Then get your first commitments from your most enthusiastic supporters and members of their immediate networks. Usually, when I ask a company who is planning or trying to raise if they have anybody close to the company (friends and family, advisor, early customer, etc.) who could write a small check, the answer is yes. When I ask them why they haven’t tried to close the money yet, the answer is usually some combination of, “It doesn’t really move the needle,” and “We don’t know what terms to use.”

At the very beginning of a raise, pretty much no check is too small. You need to get the ball rolling. You also need to show momentum. So use attractive terms that lead to a quick close. I recommend a convertible note with  the standard 20% discount and 5% interest, plus a very compelling cap. If you have an attractive valuation, people will not mind so much that you don’t have a lead investor. The plan is to start the cap low and raise it gradually as you  build momentum.

Now, a lot of founders worry about dilution and lose sleep over getting “fair” value. Don’t. $100-200K worth of dilution at a valuation even 30 or 40% below what you think is market just won’t make very much difference in the long run–I assure you that there are much worse dilution potholes on the road to liquidity. And fundraising is a terrible distraction from operating your business, so an investor willing to move quickly is valuable.

You must make clear that you’re offering the earliest investors the great deal partly in return for moving quickly (the other part is due to the special relationship and/or value-add of the investor). Otherwise, most investors will dither. Sometimes it helps to tie the great deal to some sort of natural deadline like an accelerator Demo Day, a significant software release, or a large customer close. Creating a sense of urgency is much easier said than done, but you need to try.
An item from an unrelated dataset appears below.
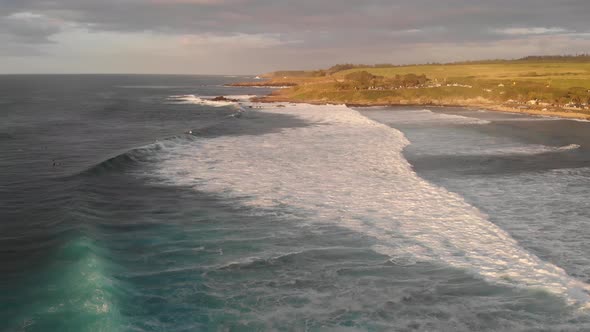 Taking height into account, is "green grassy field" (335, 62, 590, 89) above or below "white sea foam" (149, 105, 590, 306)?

Somewhere after $100-200K, you bump the cap up. “The great deal” becomes “the good deal”. The size of the bump depends on what the market tells you. If you closed the first chunk really fast and you have a big pipeline of prospects, bump the cap two notches. If the first chunk was still a fair bit of work or your pipeline seems thin, only bump it one notch. But keep the time pressure on to the extent you can. “The good deal” is also a limited time offer, perhaps tied to yet another natural deadline.

Once you have the first two chunks in, you can start to play a little more strategically. Getting half the the round closed often generates psychological momentum. You’ll also have money in the bank, which helps your negotiating position. And you’ll  hopefully have made further engineering and customer progress, which makes you less risky.  You can bump the cap again. You can also start trying to work AngelList and look to bigger geographies like San Francisco or NYC (if you’re not based there already). You can event start seriously probing small funds who lead rounds. This is where the upgrade path comes in.

Sidebar: Process Is Key

Before I get to upgrading a small seed round to a big seed round, I need to make a point about process. Like achieving any other company objective, fundraising works better if you impose some structure on it. You absolutely must track prospects, either in a spreadsheet or a CRM.

I recommend a couple of prospect categories: first checks, second checks, later checks, and round leads. Initially, focus on developing lists for the first two categories. You will also naturally generate names of people within your network that fall into the second two categories, but don’t devote too much energy to extending those lists until you’re ready to actively pursue those categories.

Now, start talking with all the first check prospects, focusing on two initial objectives. First, qualify each prospect. There are three basic qualification states: (1) does in fact appear to be a potential first check writer, (2) doesn’t appear to be a first check writer but may be a second or later check writer, or (3) doesn’t appear to be a check writer at all.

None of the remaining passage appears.